Give the lines below again, exactly as they stand, and leave out the images.

RAW DATA:
########################################
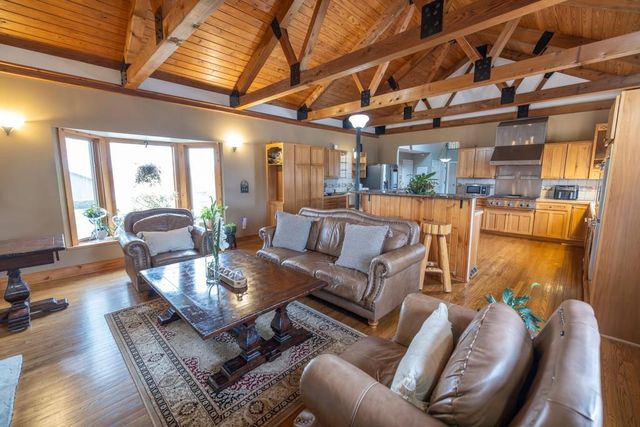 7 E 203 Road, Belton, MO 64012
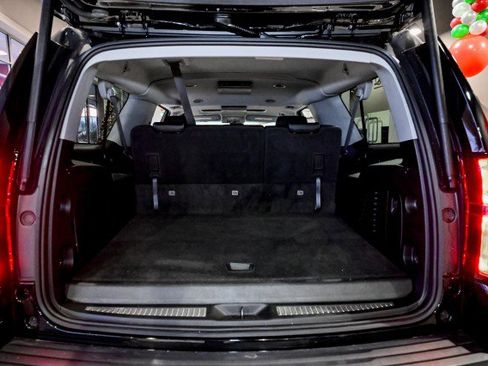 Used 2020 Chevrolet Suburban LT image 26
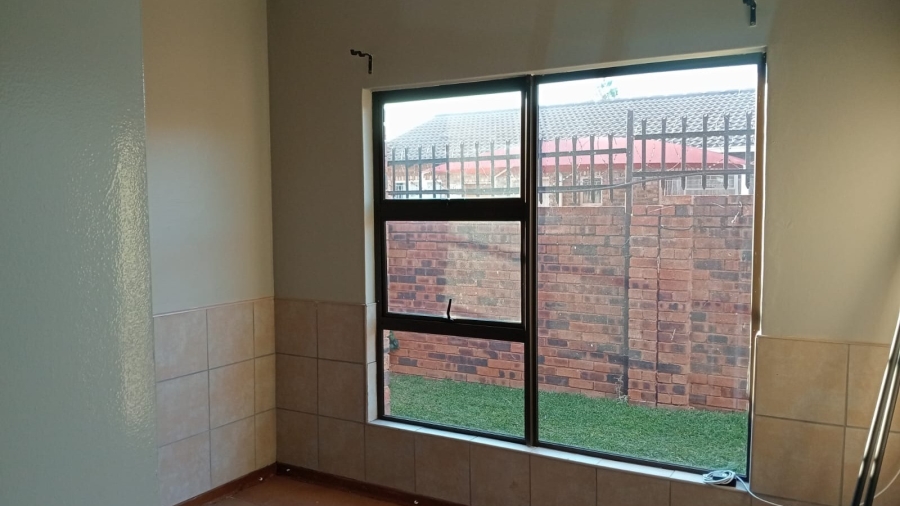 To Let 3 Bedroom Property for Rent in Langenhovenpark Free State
########################################
SOLUTION FOR THIS EXERCISE:
 7 E 203 Road, Belton, MO 64012
 Used 2020 Chevrolet Suburban LT image 26
 To Let 3 Bedroom Property for Rent in Langenhovenpark Free State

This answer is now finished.